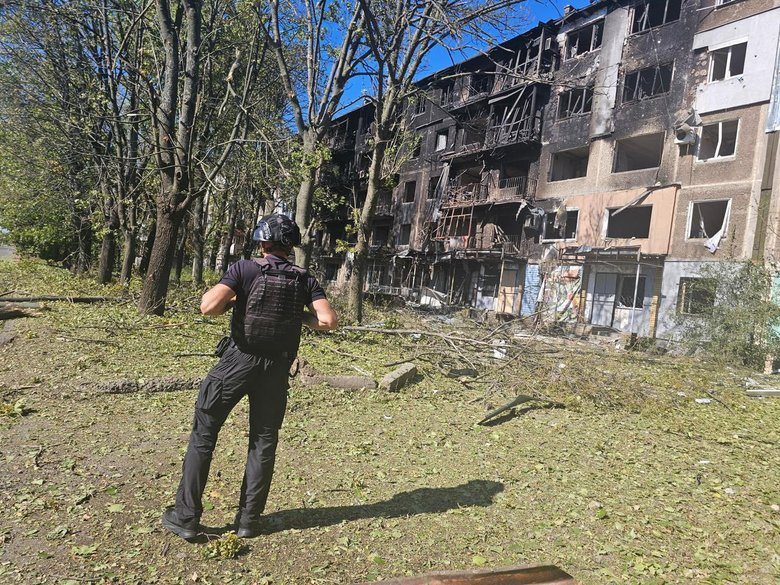 Shelling of Donetsk region on 3 September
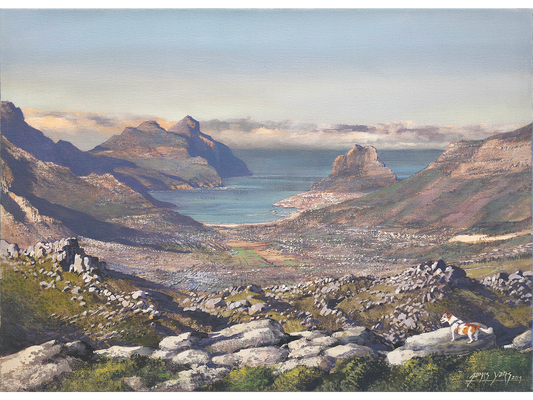 'Hout Bay in the distance' - James Yates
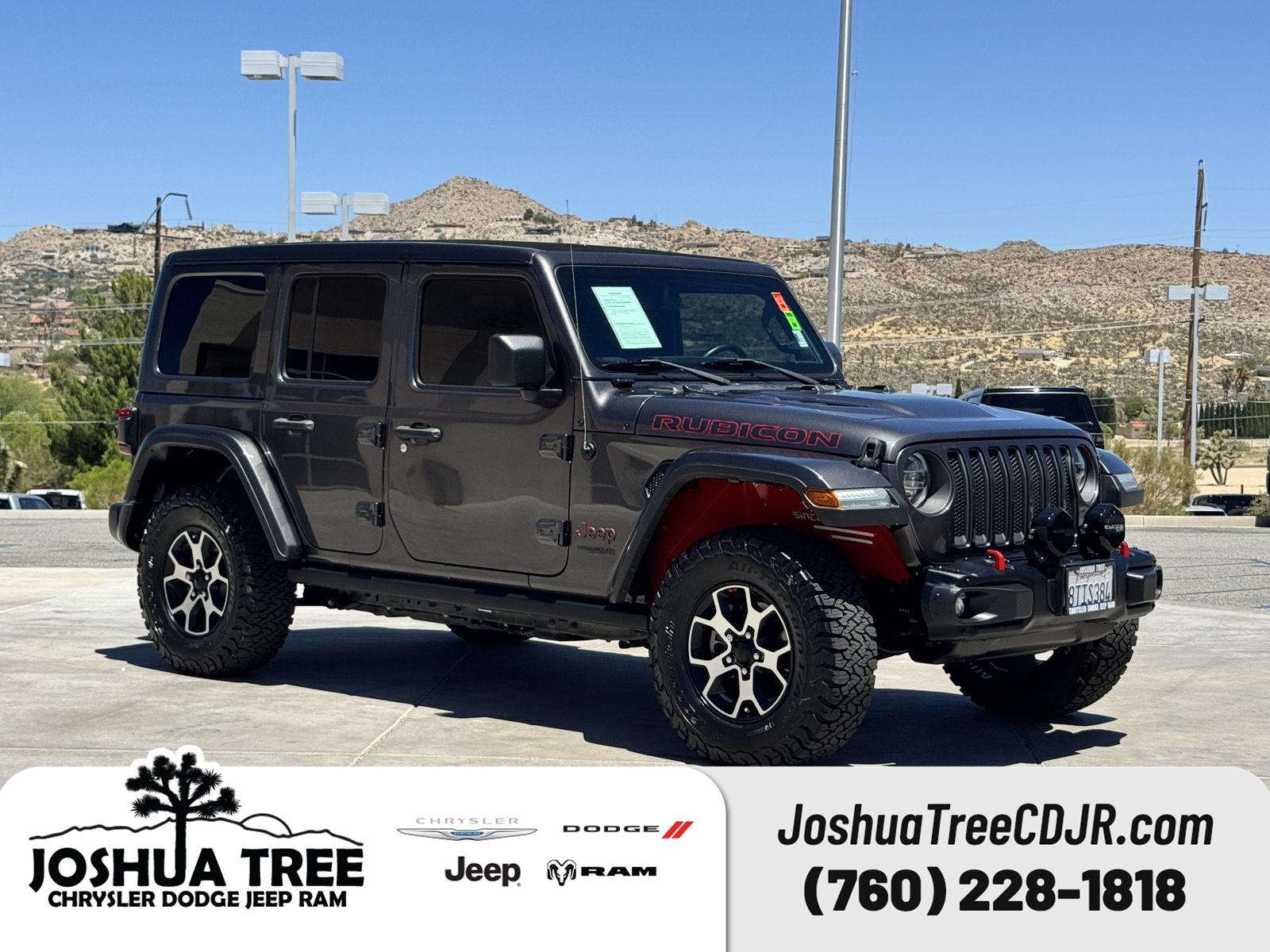 Gray (Granite Crystal Metallic Clearcoat) 2021 Jeep Wrangler SUV / Crossover Four-Wheel Drive 8-Speed Automatic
+---+
What you should do
Extract only the lines from the line containing "- James Yates" through the final line of the listing above, unchanged; pictures stay out of the copy.

Task result
 'Hout Bay in the distance' - James Yates
 Gray (Granite Crystal Metallic Clearcoat) 2021 Jeep Wrangler SUV / Crossover Four-Wheel Drive 8-Speed Automatic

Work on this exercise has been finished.